START Supplied records
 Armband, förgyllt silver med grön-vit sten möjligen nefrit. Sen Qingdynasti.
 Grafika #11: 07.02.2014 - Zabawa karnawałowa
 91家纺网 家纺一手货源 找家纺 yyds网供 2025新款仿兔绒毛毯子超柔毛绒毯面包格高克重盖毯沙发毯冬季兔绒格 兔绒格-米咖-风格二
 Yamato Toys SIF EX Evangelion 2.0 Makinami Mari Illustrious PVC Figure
END Supplied records
START Supplied records
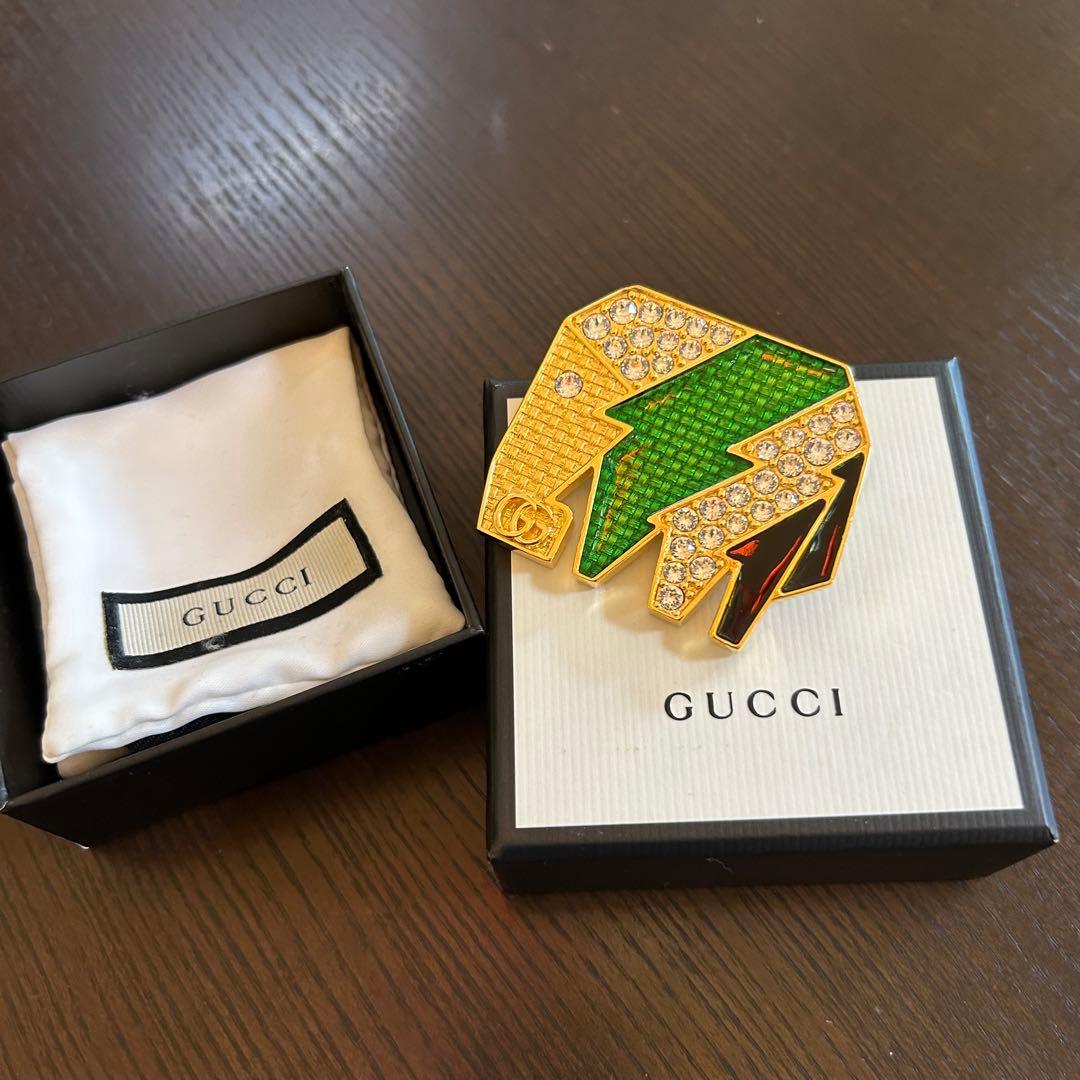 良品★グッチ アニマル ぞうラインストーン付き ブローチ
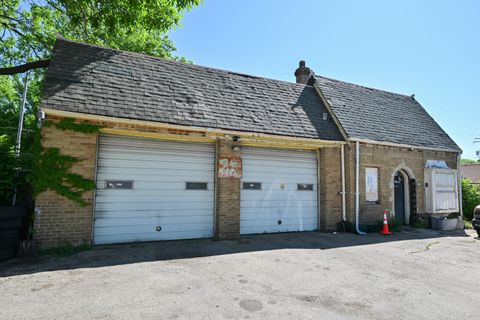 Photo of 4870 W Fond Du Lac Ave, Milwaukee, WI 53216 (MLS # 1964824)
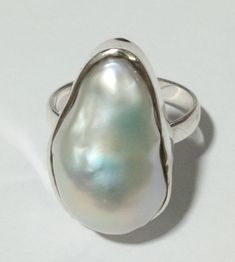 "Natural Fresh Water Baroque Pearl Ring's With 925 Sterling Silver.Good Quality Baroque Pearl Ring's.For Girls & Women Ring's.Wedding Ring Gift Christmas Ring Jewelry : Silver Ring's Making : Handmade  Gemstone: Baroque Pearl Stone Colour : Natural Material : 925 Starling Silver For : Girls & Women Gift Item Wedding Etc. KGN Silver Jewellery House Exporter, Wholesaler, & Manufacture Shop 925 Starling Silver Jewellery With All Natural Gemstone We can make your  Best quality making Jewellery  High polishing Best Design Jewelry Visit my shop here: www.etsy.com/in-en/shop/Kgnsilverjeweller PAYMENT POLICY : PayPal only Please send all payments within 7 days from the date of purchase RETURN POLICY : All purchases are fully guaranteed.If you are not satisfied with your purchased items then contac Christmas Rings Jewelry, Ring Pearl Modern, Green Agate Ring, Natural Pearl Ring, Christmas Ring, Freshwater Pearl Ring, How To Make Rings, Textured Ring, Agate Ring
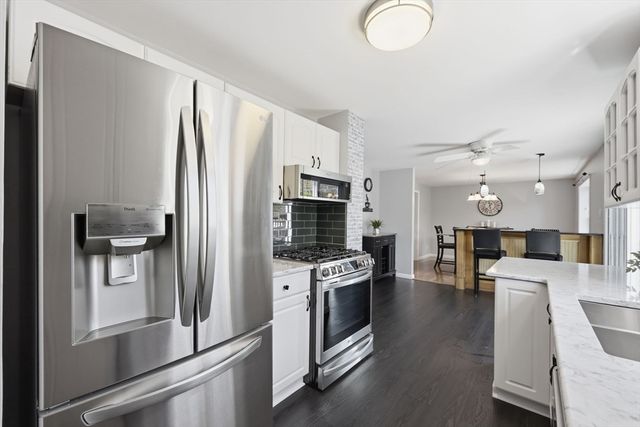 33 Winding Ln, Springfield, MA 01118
END Supplied records
START Supplied records
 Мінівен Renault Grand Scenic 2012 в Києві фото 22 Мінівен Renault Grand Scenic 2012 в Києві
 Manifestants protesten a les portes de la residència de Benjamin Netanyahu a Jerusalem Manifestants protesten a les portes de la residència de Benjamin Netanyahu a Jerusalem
END Supplied records
Directions
Among the records above, repeat exactly the line with "91家纺网 家纺一手货源 找家纺", the line with "Yamato Toys SIF", and every line in between, and only those.

Your response
 91家纺网 家纺一手货源 找家纺 yyds网供 2025新款仿兔绒毛毯子超柔毛绒毯面包格高克重盖毯沙发毯冬季兔绒格 兔绒格-米咖-风格二
 Yamato Toys SIF EX Evangelion 2.0 Makinami Mari Illustrious PVC Figure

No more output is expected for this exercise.